- AIM OF THE TASK
The records are to be copied word for word, and the pictures dropped.
====== GIVEN DATA ======
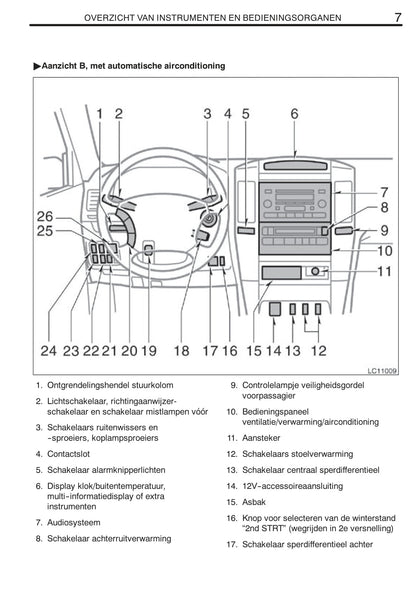 2008-2009 Toyota Land Cruiser 120 Bedienungsanleitung | Niederländisch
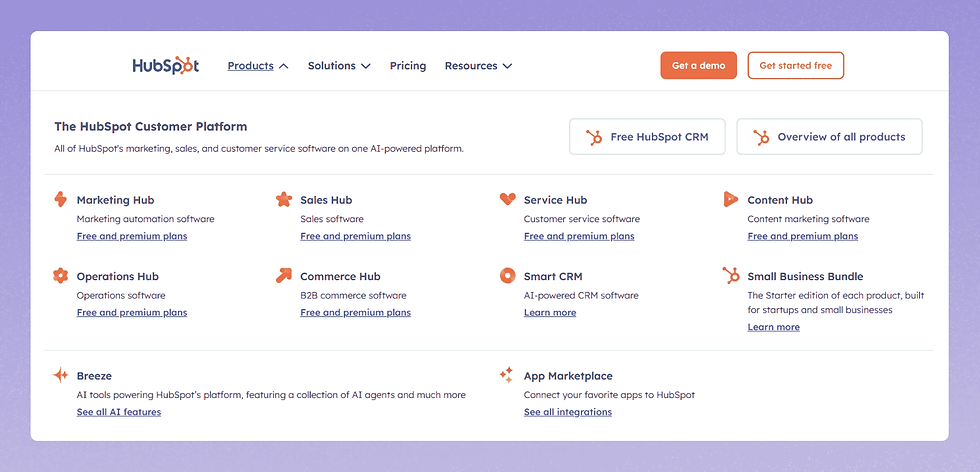 HubSpot products page with CRM and hub options, orange buttons, blue links, and white panel on a purple background.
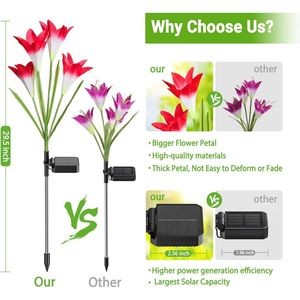 Set di 4 Luci Solari da Esterno a Forma di Giglio, 7 Colori Cangianti, Impermeabili, 3000K, Grandi Luci Solari da Giardino - Product Image 2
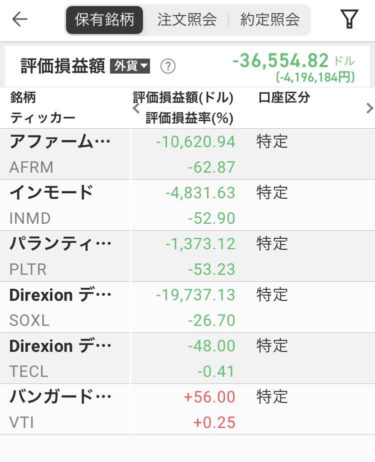 マイナス300万→0を目指せ！　30日目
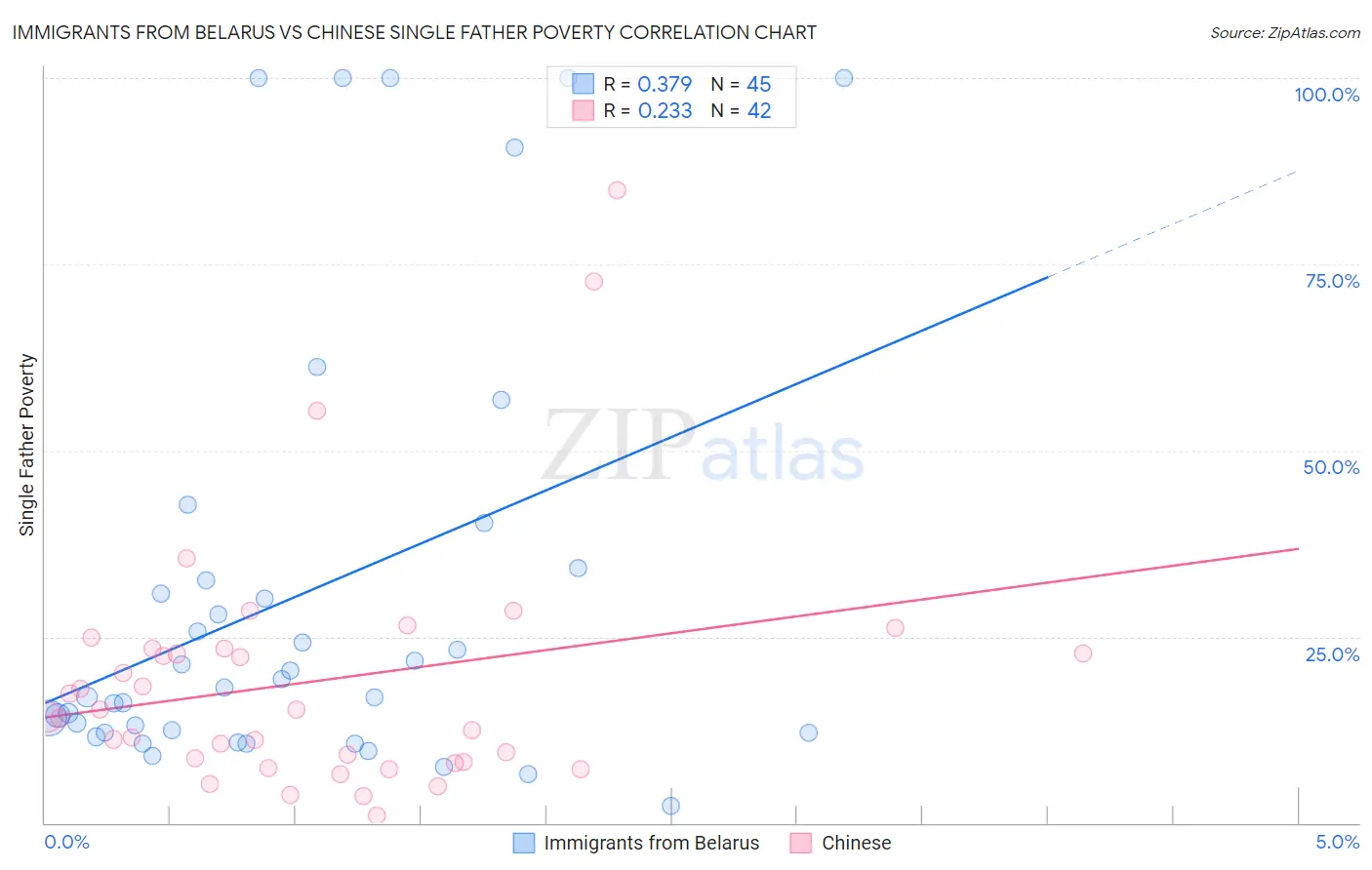Immigrants from Belarus vs Chinese Single Father Poverty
======
- PROBLEM SOLUTION
 2008-2009 Toyota Land Cruiser 120 Bedienungsanleitung | Niederländisch
 HubSpot products page with CRM and hub options, orange buttons, blue links, and white panel on a purple background.
 Set di 4 Luci Solari da Esterno a Forma di Giglio, 7 Colori Cangianti, Impermeabili, 3000K, Grandi Luci Solari da Giardino - Product Image 2
 マイナス300万→0を目指せ！　30日目
Immigrants from Belarus vs Chinese Single Father Poverty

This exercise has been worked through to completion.